January 31st, 2019

Talking

I am resentful of the Awareness paradigm Bell Let’s Talk represents. Not that we shouldn’t work towards destigmatizing mental illness–of course we should, and it’s important to do so every day, but one day is a start. But putting pressure, even just a form of social peer pressure, on individuals to share their mental health problems as the HIGHEST GOOD is a bit of an issue for me. The idea that individual creating awareness by sharing their mental health issues and stories in extremely public venues–something that may be cathartic, painful, or just fine, depending on the individual–is the most important thing we can do in the community for mental health is very convenient for major corporations and the government. While decreasing stigma is of course so good and valuable, the most important thing is that everyone who suffers from any illness get appropriate and timely care without struggle, delay or judgment. If your employer or your government stands in the way of that care, all the awareness in the world is going to be a minor comfort. Both are important, I guess–but the scale is off.

Anyway, fine: here’s my mental health story. I’ve always struggled with anxiety to some degree and I suppose I always will. Most people who know me register this as personality quirk and that’s mainly how I would think about it myself, most of the time, but in my late twenties it got out of control. I wouldn’t term it “crippling anxiety” because I was still able to do most of what I wanted to do, but anxiety was draining all my joy from everything I did. I was white-knuckling my whole life.

Because of a variety of circumstances–but mainly because I was a student at the time, and had access to student mental health services–I had to wait one week from the day I asked to see a therapist until the day I saw one. I was asked if I was in crisis and it would have been less if I had said I was. The therapist I was assigned was a psychiatrist–an MD–and at the end of my first session she offered to prescribe me some anti-anxiety medication.

Prescription medication was one of the many things I was afraid of (how present-day RR laughs) and I asked if I could try some other things first and then just save meds as a last resort. She said sure–she offered me some options that had fantastically different timelines and didn’t push for any one option. We tried cognitive behaviour therapy and general “talk therapy” and basically, once a week for a year I had 50 minutes of her time to try to work out some coping strategies and talk about how I was doing with that.

I did ok. I never went on the meds and I gradually stopped feeling like I was one breath away from flying apart into shards. I don’t how much of that was the therapist and how much was the work I did and how much was just getting to a more stable point in my life, something that would have happened anyway. I give her a lot credit, though, both for how things improved for me but also just for getting me through that very difficult period.

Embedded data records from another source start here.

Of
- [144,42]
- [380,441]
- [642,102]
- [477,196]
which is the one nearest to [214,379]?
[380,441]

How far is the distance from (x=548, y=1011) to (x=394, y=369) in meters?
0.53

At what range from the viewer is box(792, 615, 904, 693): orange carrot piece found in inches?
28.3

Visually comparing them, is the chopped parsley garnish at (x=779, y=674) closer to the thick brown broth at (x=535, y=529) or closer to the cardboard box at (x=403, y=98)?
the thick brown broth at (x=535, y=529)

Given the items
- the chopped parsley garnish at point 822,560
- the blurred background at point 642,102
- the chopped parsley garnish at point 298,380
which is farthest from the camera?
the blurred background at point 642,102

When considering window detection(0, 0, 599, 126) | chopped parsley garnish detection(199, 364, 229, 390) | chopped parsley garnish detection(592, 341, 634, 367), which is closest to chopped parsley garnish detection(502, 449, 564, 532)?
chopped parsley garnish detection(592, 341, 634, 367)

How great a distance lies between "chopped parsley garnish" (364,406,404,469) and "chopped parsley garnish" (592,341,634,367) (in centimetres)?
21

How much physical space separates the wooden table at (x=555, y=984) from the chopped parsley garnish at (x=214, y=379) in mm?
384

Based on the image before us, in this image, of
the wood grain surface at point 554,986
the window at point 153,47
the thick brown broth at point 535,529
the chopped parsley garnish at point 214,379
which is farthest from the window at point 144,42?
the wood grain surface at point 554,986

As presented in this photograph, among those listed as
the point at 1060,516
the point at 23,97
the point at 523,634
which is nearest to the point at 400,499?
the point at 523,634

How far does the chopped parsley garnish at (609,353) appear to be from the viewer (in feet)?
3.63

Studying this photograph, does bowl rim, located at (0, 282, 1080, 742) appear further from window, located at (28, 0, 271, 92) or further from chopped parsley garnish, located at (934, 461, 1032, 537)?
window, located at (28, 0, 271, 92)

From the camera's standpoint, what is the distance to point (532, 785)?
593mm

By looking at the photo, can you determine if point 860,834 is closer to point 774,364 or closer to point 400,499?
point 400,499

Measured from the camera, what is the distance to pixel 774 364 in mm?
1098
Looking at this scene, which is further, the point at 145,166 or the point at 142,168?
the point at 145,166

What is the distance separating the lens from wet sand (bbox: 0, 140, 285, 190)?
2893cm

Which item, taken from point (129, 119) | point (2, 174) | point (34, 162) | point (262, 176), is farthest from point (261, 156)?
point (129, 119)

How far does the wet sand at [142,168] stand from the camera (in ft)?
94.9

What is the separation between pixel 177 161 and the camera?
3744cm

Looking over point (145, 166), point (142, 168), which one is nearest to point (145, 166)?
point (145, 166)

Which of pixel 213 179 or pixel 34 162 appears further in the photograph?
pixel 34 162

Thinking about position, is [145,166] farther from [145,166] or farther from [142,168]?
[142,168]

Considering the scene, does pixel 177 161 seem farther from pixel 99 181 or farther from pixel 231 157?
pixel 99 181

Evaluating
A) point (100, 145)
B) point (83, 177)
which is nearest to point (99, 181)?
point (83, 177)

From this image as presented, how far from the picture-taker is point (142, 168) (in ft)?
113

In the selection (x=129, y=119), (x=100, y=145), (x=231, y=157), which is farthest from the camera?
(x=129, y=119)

I never paid for any of that–it was all covered under OHIP and made available to me through the university. It was easy for me to go to appointments, easy to refuse meds, easy to change my mind if I’d decided I wanted them. I never had to justify how much better I was getting or how many more sessions I deserved to have (until I graduated).

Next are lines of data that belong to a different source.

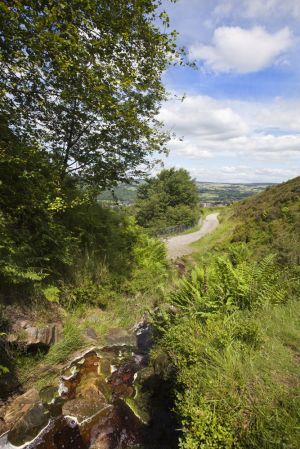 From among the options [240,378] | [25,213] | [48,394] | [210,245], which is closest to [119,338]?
[48,394]

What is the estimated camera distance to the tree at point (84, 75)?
173 inches

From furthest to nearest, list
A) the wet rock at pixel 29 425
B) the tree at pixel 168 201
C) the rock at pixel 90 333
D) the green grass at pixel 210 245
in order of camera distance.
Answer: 1. the tree at pixel 168 201
2. the green grass at pixel 210 245
3. the rock at pixel 90 333
4. the wet rock at pixel 29 425

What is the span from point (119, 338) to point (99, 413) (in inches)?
99.6

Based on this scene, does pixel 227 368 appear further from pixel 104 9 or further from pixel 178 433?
pixel 104 9

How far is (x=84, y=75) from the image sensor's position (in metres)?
5.07

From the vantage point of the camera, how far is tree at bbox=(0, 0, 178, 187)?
439cm

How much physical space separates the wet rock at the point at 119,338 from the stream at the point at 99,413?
43.0 inches

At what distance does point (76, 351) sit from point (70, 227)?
11.8 feet

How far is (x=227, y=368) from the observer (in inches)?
136

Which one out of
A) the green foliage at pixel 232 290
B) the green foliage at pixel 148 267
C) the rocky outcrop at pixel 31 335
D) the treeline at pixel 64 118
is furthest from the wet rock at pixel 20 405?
the green foliage at pixel 148 267

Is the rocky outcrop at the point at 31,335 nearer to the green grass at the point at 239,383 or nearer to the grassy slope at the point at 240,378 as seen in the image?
the grassy slope at the point at 240,378

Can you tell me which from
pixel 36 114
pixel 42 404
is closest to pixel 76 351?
pixel 42 404

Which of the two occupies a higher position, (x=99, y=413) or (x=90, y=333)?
(x=90, y=333)

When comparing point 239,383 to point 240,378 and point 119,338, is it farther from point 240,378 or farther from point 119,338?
point 119,338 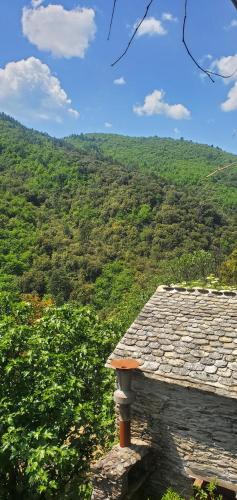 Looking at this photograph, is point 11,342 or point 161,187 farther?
point 161,187

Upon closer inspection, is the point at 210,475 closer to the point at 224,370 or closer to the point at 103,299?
the point at 224,370

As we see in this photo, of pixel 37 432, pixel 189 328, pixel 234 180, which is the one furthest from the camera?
pixel 234 180

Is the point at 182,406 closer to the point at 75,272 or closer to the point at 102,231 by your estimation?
the point at 75,272

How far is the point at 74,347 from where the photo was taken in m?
9.30

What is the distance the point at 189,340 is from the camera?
845cm

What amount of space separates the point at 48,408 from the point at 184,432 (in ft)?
8.62

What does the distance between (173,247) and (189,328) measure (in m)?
54.7

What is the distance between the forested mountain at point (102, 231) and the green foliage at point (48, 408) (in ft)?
65.2

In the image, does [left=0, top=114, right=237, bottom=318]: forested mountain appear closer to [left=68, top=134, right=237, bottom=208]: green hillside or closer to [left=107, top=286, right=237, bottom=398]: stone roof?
[left=68, top=134, right=237, bottom=208]: green hillside

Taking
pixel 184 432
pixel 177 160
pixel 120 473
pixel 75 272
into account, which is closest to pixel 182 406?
pixel 184 432

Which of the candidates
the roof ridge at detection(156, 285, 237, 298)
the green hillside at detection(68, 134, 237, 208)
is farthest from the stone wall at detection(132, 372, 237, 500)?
the green hillside at detection(68, 134, 237, 208)

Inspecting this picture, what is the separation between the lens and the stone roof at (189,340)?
24.8ft

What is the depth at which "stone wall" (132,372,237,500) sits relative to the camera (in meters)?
7.32

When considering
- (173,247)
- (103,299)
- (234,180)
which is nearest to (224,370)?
(103,299) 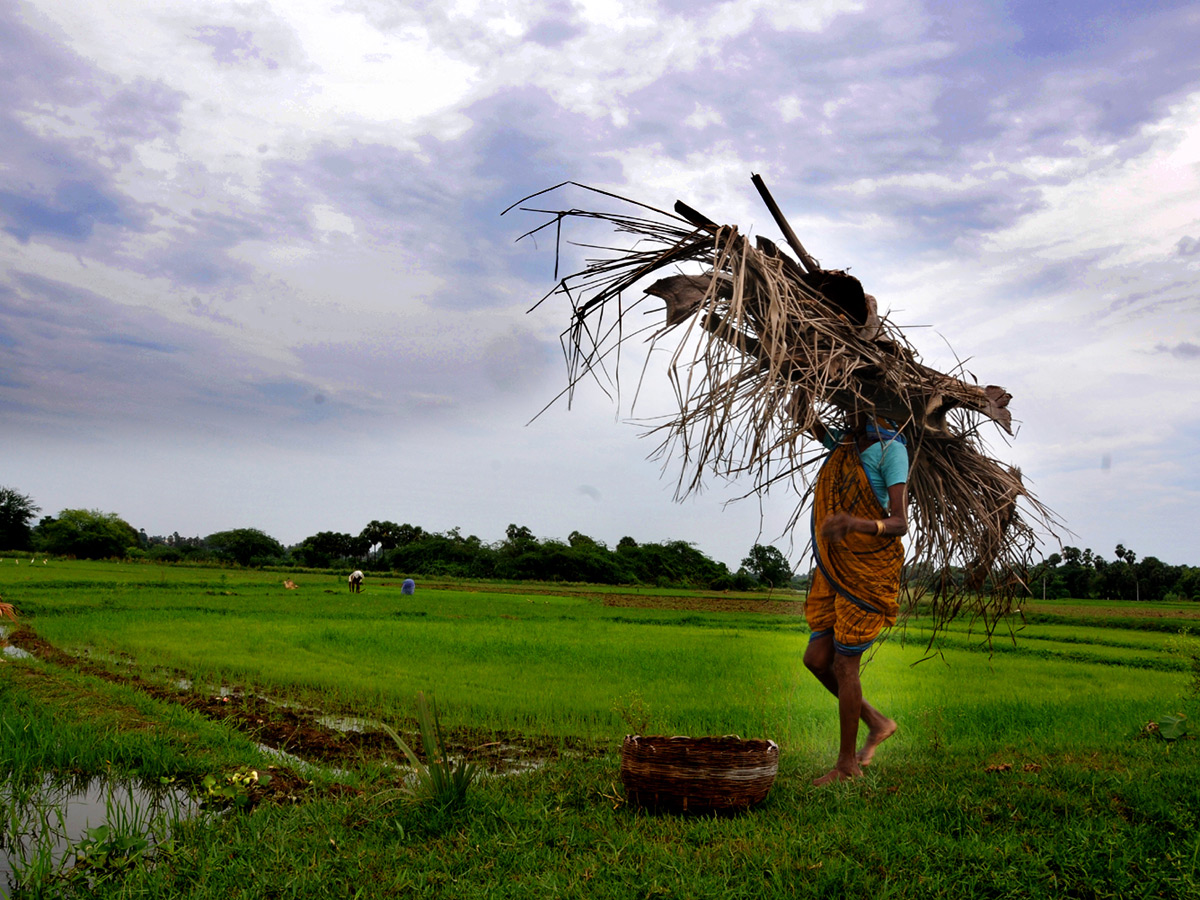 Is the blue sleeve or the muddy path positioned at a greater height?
the blue sleeve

That’s my mental health story. I haven’t needed professional support since that time, but I know both that it can work for me if I need it to in the future and that if that happens it’s going to be a lot f*cking harder to get it and make it work out and it won’t be nearly as seamless as it was 10 years ago.

I offer this little story not in the spirit of “awareness” of mental health concerns because I think we all know what anxiety and talk therapy and all the rest are. But maybe you never heard an example of a system working so beautifully for someone who needed it. I want people to be aware of THAT–that it can. I honestly don’t even know if the services I was provided with continue to be as generous and easily accessed in 2019, or if they will be in future–certainly Mr. Ford’s cuts have to come from somewhere.

I’ve volunteered a little bit with people with mental health struggles and I know that sometimes people just aren’t helped, or they get helped by someone like me, people who have maybe 40 or 50 hours of training max. That’s not fair and that’s not supposed to be the society we’re living in. We can do better.